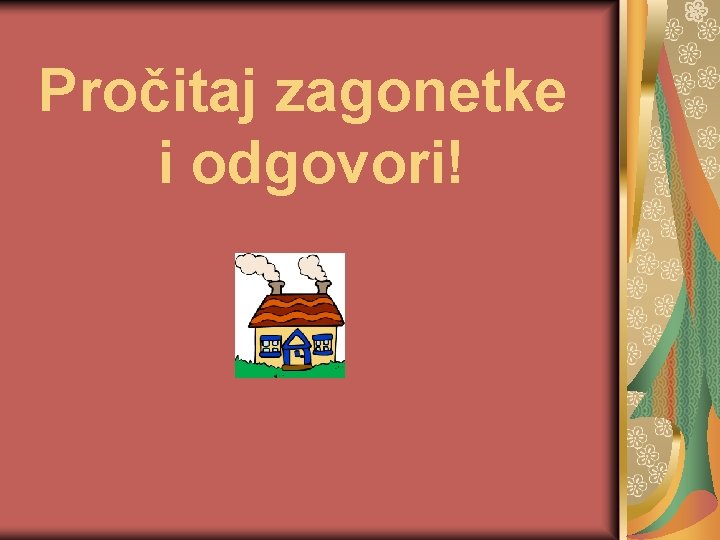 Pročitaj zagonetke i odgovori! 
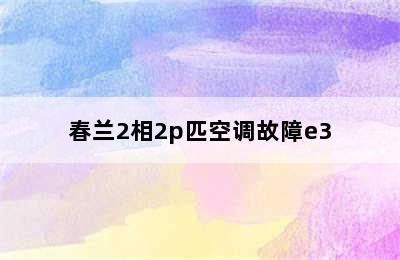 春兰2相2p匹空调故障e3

...

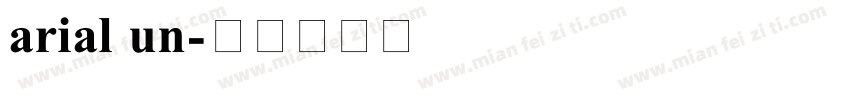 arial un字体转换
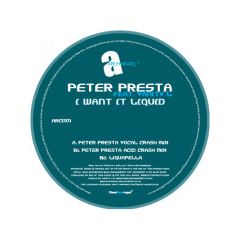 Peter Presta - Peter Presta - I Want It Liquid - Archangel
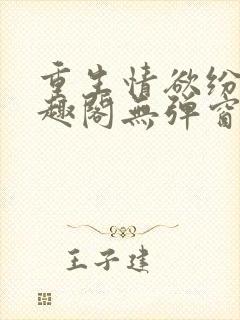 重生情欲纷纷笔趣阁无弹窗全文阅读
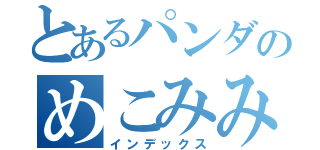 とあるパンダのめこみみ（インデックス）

[Task statement]: An exact copy of the lines above from the one with "Peter Presta - Peter" up to and including the one with "とあるパンダのめこみみ（インデックス）" is required; reproduce only those lines, omitting all pictures.

[Answer section]:
 Peter Presta - Peter Presta - I Want It Liquid - Archangel
 重生情欲纷纷笔趣阁无弹窗全文阅读
 とあるパンダのめこみみ（インデックス）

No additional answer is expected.